Ante todo, habla directamente al corazón; alcanza a las más ocultas fuentes de nuestro ser moral; desciende hasta las raíces de los pensamientos y los sentimientos del alma; nos juzga completamente. En una palabra: «Es Viva y eficaz, más cortante que toda espada de dos filos: penetra hasta la división del alma y del espíritu, de las coyunturas y los tuétanos; y discierne los pensamientos y las intenciones del corazón» Hebr. 4:12.
Necesitamos vivir de la Palabra, de ella necesitamos alimentarnos y según sus indicaciones debemos conducirnos. Cuanto más lo hagamos así, más apreciamos su infinito valor. Esto es lo que la Palabra de Dios es para el verdadero cristiano. Nada puede hacer sin ella. Le es absolutamente indispensable, su vida interior es alimentada y sostenida por ella; su vida práctica es guiada por ella; en todas las escenas y circunstancias de su vida pública y privada, en el diario vivir, en el trabajo y negocios, se apoya en la Palabra de Dios como guía y consejo.
La Escritura es un tesoro divino y, por lo tanto, inagotable, por el cual Dios provee en abundancia a todas las necesidades de su pueblo y a las de cada creyente en particular.

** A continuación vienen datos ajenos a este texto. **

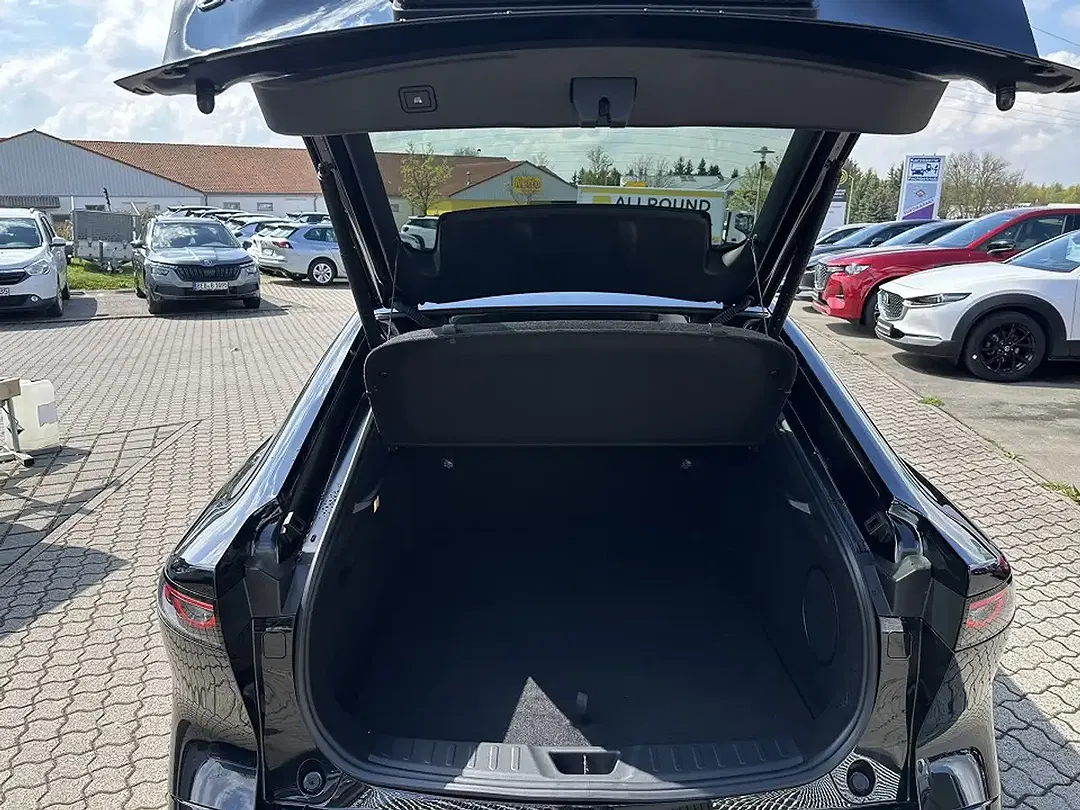 Mazda 6e - Thumbnail 12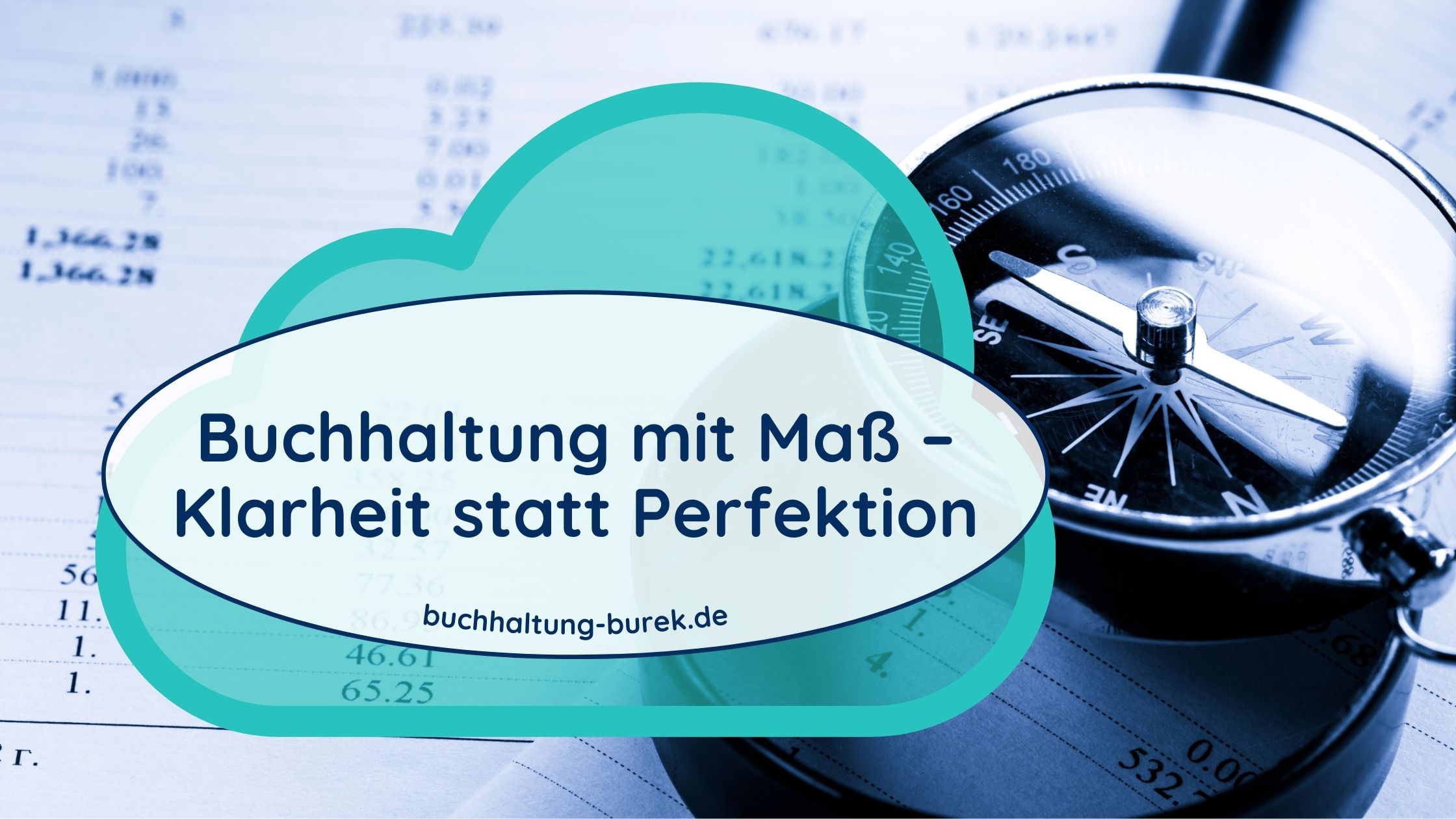 Wie viel Buchhaltung am Anfang; Auszug einer Bilanz im Hintergrund, darauf liegen ein Vergrößerungsglas und ein Kompass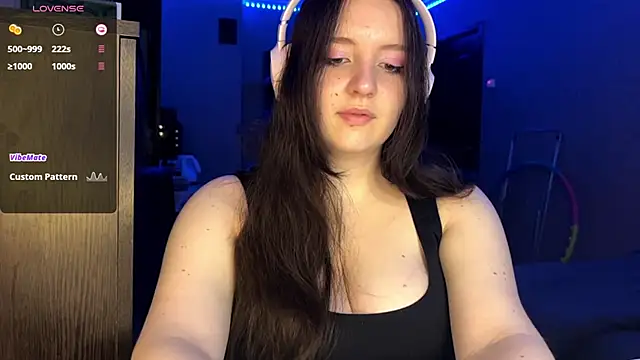 LauretteRagar online show from October 2025 06:38:02 PM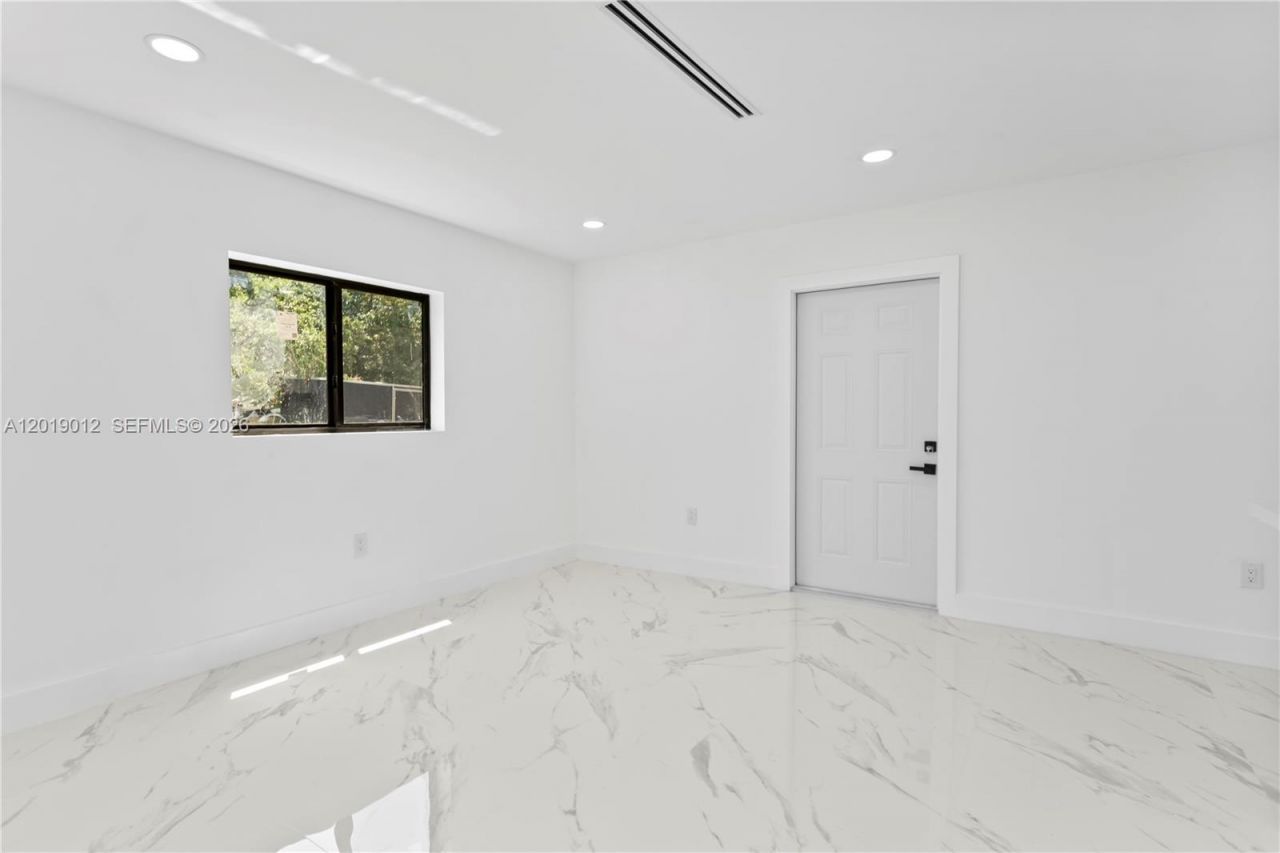 12035 SW 214th Ter, Miami, FL 33177 Photo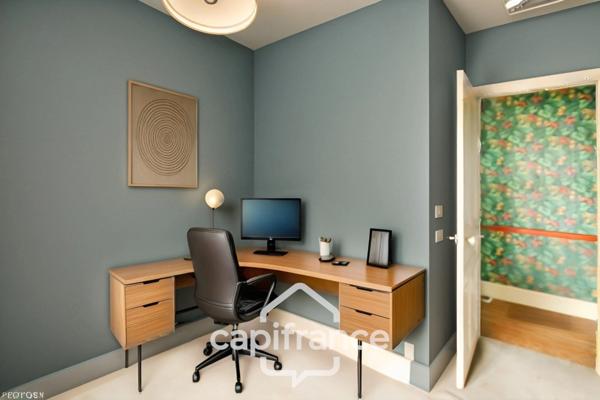 Maison à vendre 8 pièces (02) 207 m², 5 Chambres, Garage, Annexe et grande Cave - A Rénover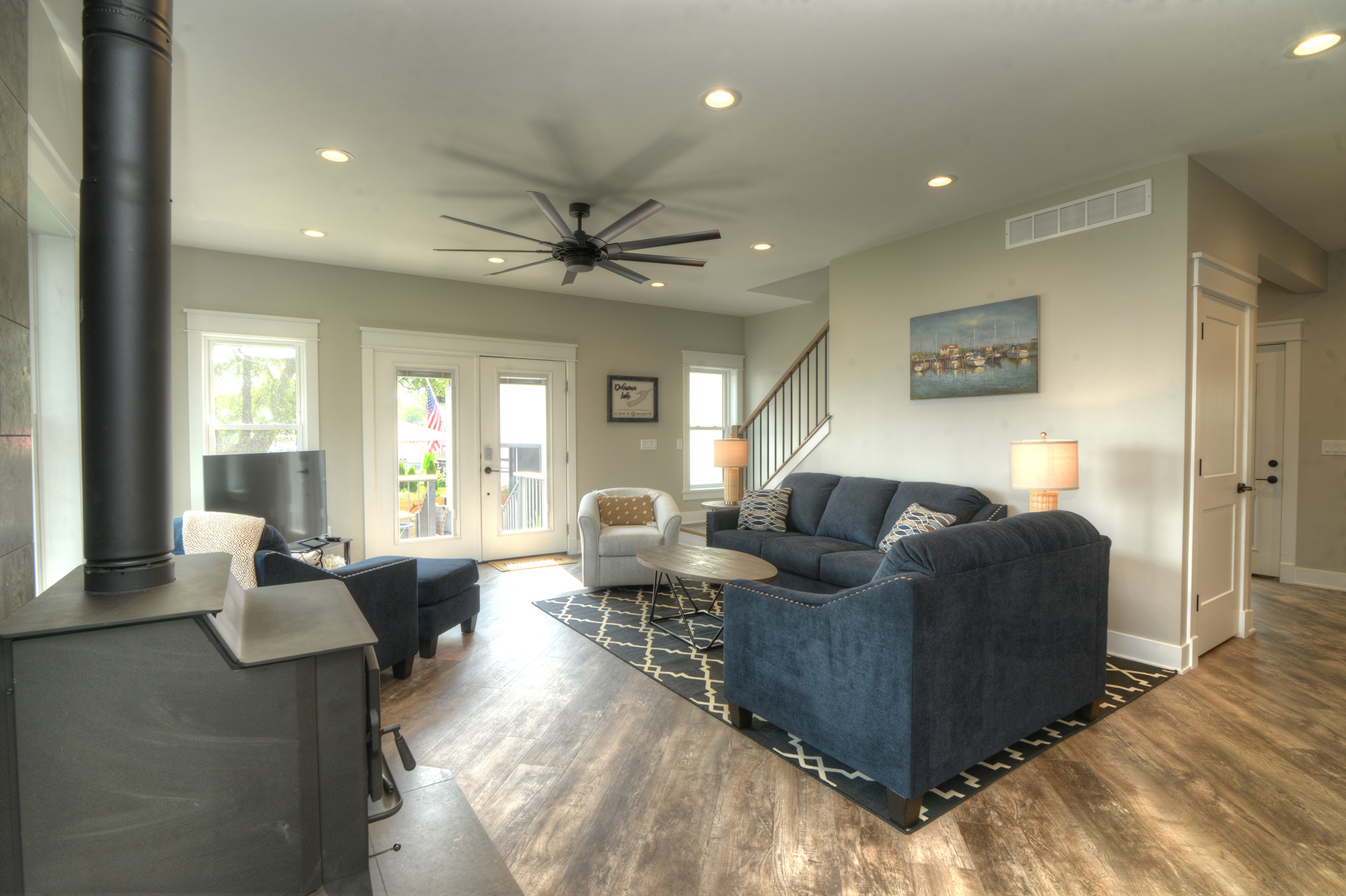 Rent a Lake Delavan 4 Bedroom Luxurious Vacation Home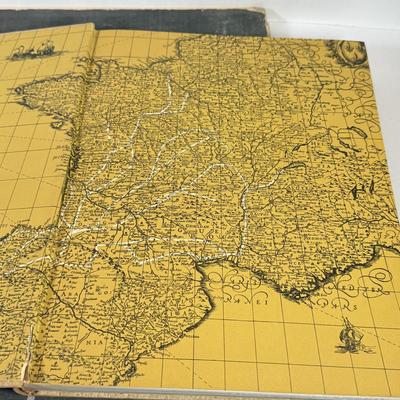 LOT 71L: Vintage Books: 1939 Pinocchio, 1952 Currier & Ives’ America & 1966 The Great Pilgrimage of the Middle Ages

Por eso, debemos atender al consejo de Pablo: «Que la palabra de Cristo more en abundancia en ustedes», Col.3:16. Acudamos a ella y hallaremos todo lo que el alma pueda necesitar. ¡Qué dádiva es, pues, la Sagrada Escritura! ¡Qué precioso tesoro poseemos en la Palabra de Dios! ¡Cómo deberíamos bendecir el santo nombre del SEÑOR por habérnosla dado! -C Mackintosh ¡Bendito seas, SEÑOR! ¡Enséñame tus estatutos!